[Supplied information — start]
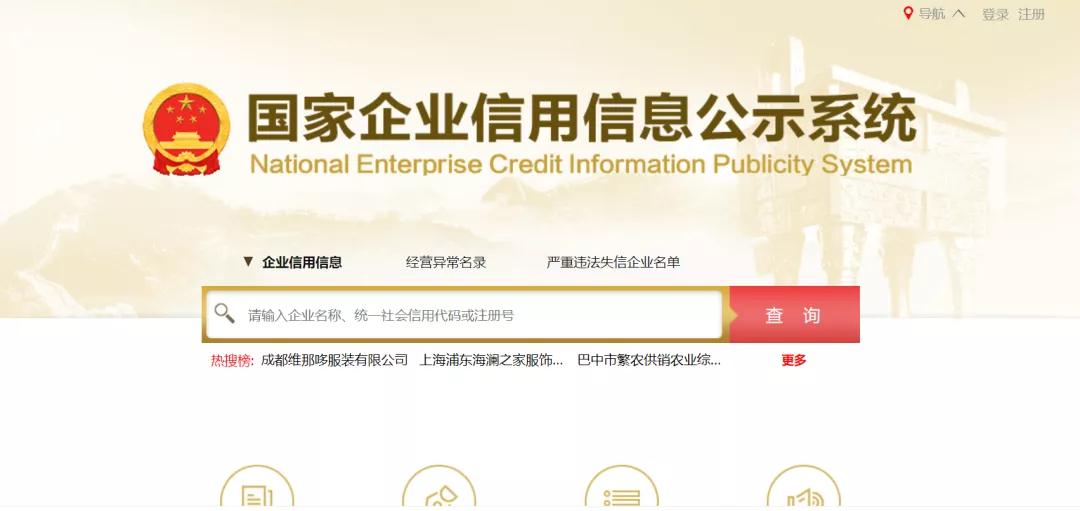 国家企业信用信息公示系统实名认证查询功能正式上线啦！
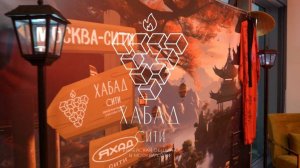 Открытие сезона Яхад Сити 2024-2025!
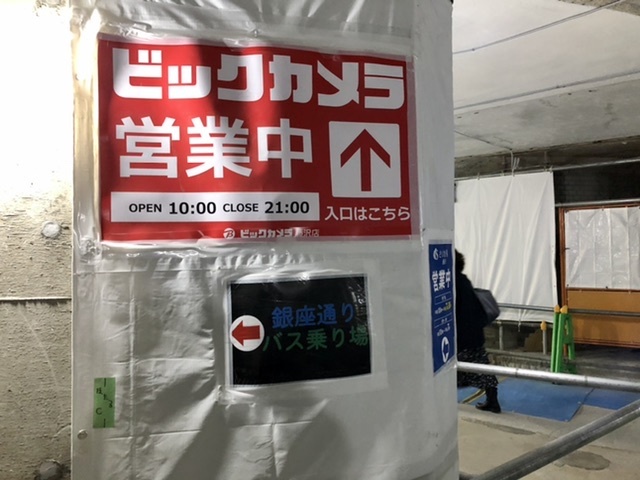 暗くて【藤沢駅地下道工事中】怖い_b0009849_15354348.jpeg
[Supplied information — finish]
Work order:
Repeat the listing word for word, and skip every picture it contains.

Result for this task:
 国家企业信用信息公示系统实名认证查询功能正式上线啦！
 Открытие сезона Яхад Сити 2024-2025!
 暗くて【藤沢駅地下道工事中】怖い_b0009849_15354348.jpeg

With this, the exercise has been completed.